Dua dekade lalu, definisi yang cukup populer mengenai think tank adalah ‘organisasi penelitian non-pemerintah, nirlaba dengan otonomi organisasi yang substansial dari pemerintah dan dari kepentingan masyarakat seperti perusahaan, kelompok kepentingan, dan partai politik’ (McGann dan Weaver, 2000). Seiring berjalannya waktu, definisi dan bentuk organisasi think tank semakin berkembang. Definisi think tank tidak lagi harus berbentuk nirlaba, tetapi lebih dijabarkan menurut fungsi dan bertujuan untuk menghasilkan pengetahuan untuk memengaruhi proses penyusunan kebijakan (Hartwig, 2011). Definisi tersebut selaras dengan peran think tank sebagai knowledge producer di dalam ekosistem pengetahuan (Hertz et al., 2020). Think tank sering bertindak sebagai jembatan antara akademisi dan aktor kebijakan dan antara negara dan masyarakat sipil—melayani kepentingan publik sebagai suara independen yang menerjemahkan penelitian dasar ke dalam narasi dan rekomendasi kebijakan yang dapat dimengerti, diaplikasikan, dan diakses untuk pembuat kebijakan dan publik (McGann, 2019). Referensi lain juga menggambarkan fungsi think tank sebagai penghubung pengetahuan dan kekuasaan (Fraussen et al, 2017; Radin, 2013). Melalui fungsi-fungsi tersebut, think tank juga dapat berperan sebagai knowledge intermediary (Hertz et al, 2020) di dalam ekosistem pengetahuan.
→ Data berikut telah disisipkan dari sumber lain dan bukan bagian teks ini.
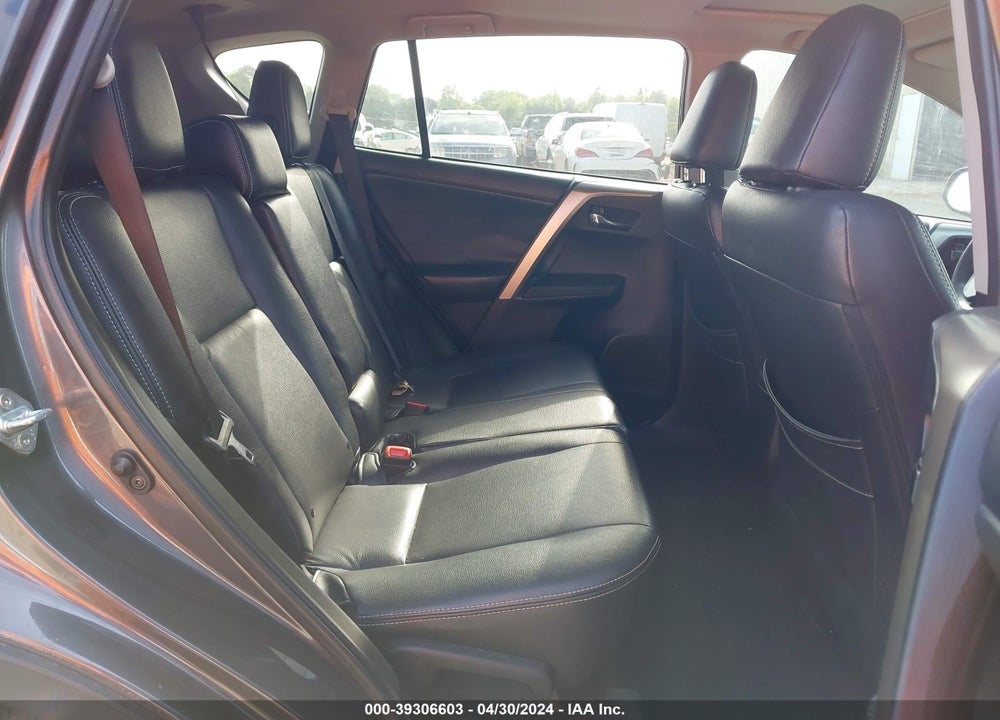 2014 TOYOTA RAV4 XLE VIN: 2T3WFREV0EW112818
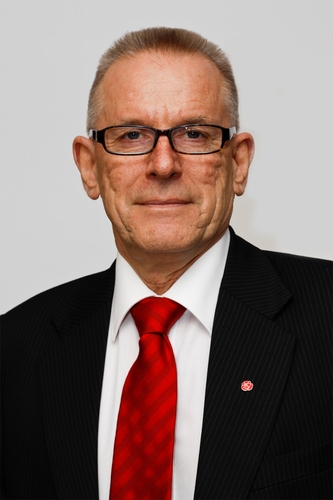 Projektledare för Utbildning, kompetensförsörjning, regional utveckling, kulturarv och kulturmiljö. politisk aktiv ( S ) tidigare varit rdl och mep.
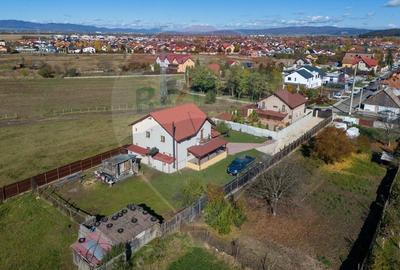 Casă individuală cu 4 camere cu Teren 2389 Mp în Sânpetru - 2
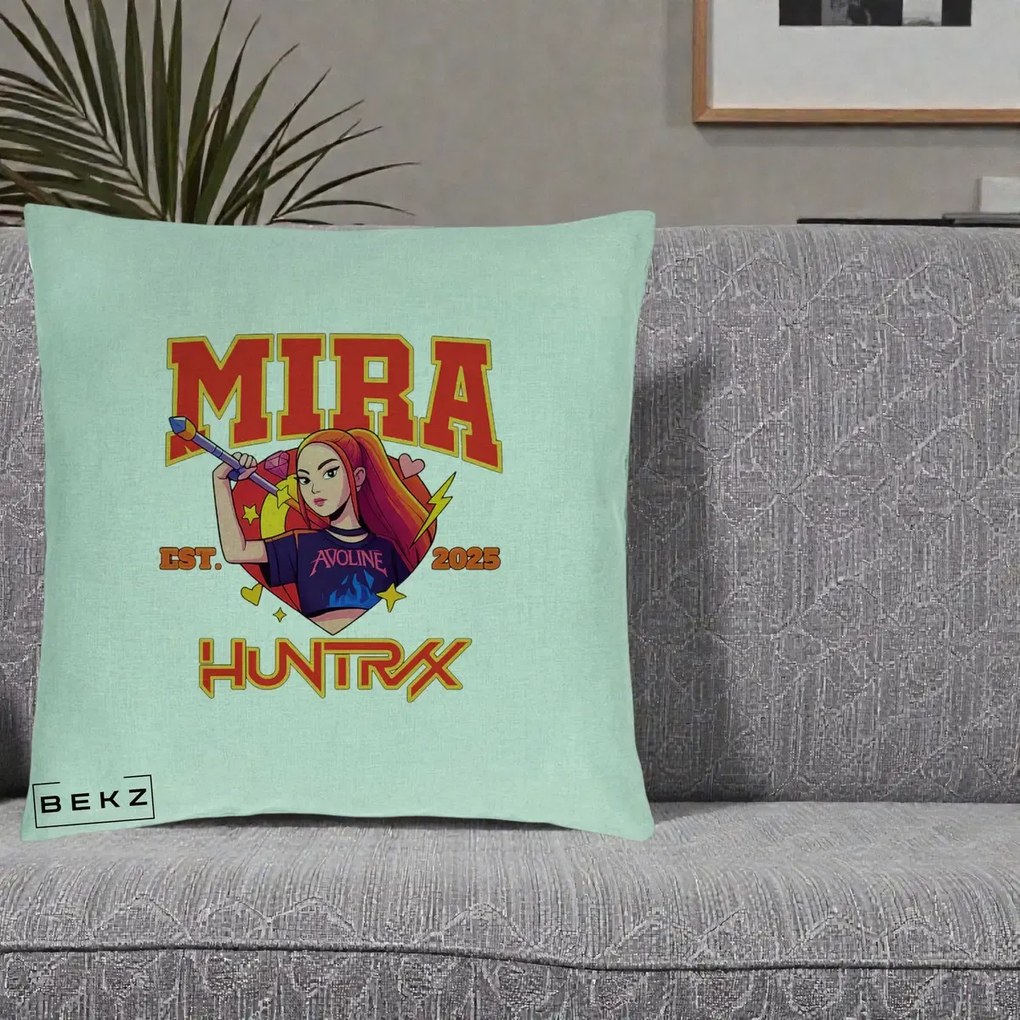 Perna Personalizata K-pop HUNTRX Mira Personaj Avoline, 40x40 cm, Verde Menta, Husa Detasabila, Perna Inclusa, BEKZ®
Peran ganda think tank sebagai knowledge producer juga knowledge intermediary menjadikannya strategis untuk memperkuat posisi sebagai policy entrepreneur. Policy entrepreneur didefinisikan sebagai seorang advokat yang terus mendukung perubahan kebijakan dengan memanfaatkan pengetahuan, keahlian, ide kebijakan, reputasi, advokasi kebijakan, dan jaringan kebijakan untuk memajukan tujuan kebijakan mereka sendiri (Kingdon, 2003; Mintrom dan Norman, 2009). Dengan posisi strategisnya, think tank memiliki peran di semua tahap kebijakan. Meskipun begitu, peran think tank lebih dominan dalam tahap agenda-setting mengingat kemampuan mereka untuk membingkai isu-isu kebijakan dan menyoroti masalah kepada masyarakat dengan cara yang menarik (Ordonez, et al., 2012). Partisipasi think tank dalam tahap agenda-setting ini membuka peluang bagi mereka untuk berpartisipasi dalam tahap desain kebijakan dan proses pengambilan kebijakan, dimana keterlibatan dalam setiap tahapnya membutuhkan hubungan kerja dengan pemerintah (Ordonez, et al., 2012).
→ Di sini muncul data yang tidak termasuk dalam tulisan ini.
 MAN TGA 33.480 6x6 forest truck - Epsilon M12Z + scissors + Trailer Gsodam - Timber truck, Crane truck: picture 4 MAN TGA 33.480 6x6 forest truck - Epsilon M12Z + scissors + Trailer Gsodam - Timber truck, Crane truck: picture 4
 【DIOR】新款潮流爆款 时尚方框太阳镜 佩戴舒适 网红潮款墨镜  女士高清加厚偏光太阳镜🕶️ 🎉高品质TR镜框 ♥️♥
Dalam hubungan kerja think tank dengan pemerintah, kolaborasi antara think tank berbasis pemerintah dan non-pemerintah menjadi penting untuk mendukung perumusan kebijakan yang inklusif, berkesinambungan, berbasis bukti, serta membangun peer review culture sebagai salah satu pilar infrastruktur kemajuan bangsa. Knowledge Sector Initiative (KSI) memanfaatkan platform KSIxChange ke-34 untuk mengeksplorasi pentingnya meningkatkan kolaborasi dan policy entrepreneurship antara think tank pemerintah dan non-pemerintah dalam proses perumusan kebijakan berbasis bukti. Diskusi pada 29 Juni 2021 ini menghadirkan Kepala Badan Riset dan Inovasi Nasional (BRIN) Laksana Tri Handoko, BRIN selaku pengampu integrasi penelitian, pengembangan, pengkajian dan penerapan (litbangjirap) memiliki posisi strategis dalam mengorkestrasi platform kolaborasi think tank pemerintah dan non-pemerintah. Hadir juga dalam diskusi ini Deputi Bidang Ilmu Sosial dan Kemanusiaan Lembaga Ilmu Pengetahuan Indonesia (LIPI) Tri Nuke Pudjiastuti, Deputi Pengembangan Masyarakat Sipil Institute for Research and Empowerment (IRE) Dina Mariana, dan Deputi Direktur Centre for Strategic and International Studies (CSIS) Medelina K Hendytio. Kedua lembaga think tank tersebut hadir sebagai organisasi yang berperan aktif dalam mengembangkan pengetahuan untuk mempengaruhi kebijakan strategis akan memaparkan mengenai pentingnya kolaborasi yang berkesinambungan antara think tank pemerintah dengan non-pemerintah.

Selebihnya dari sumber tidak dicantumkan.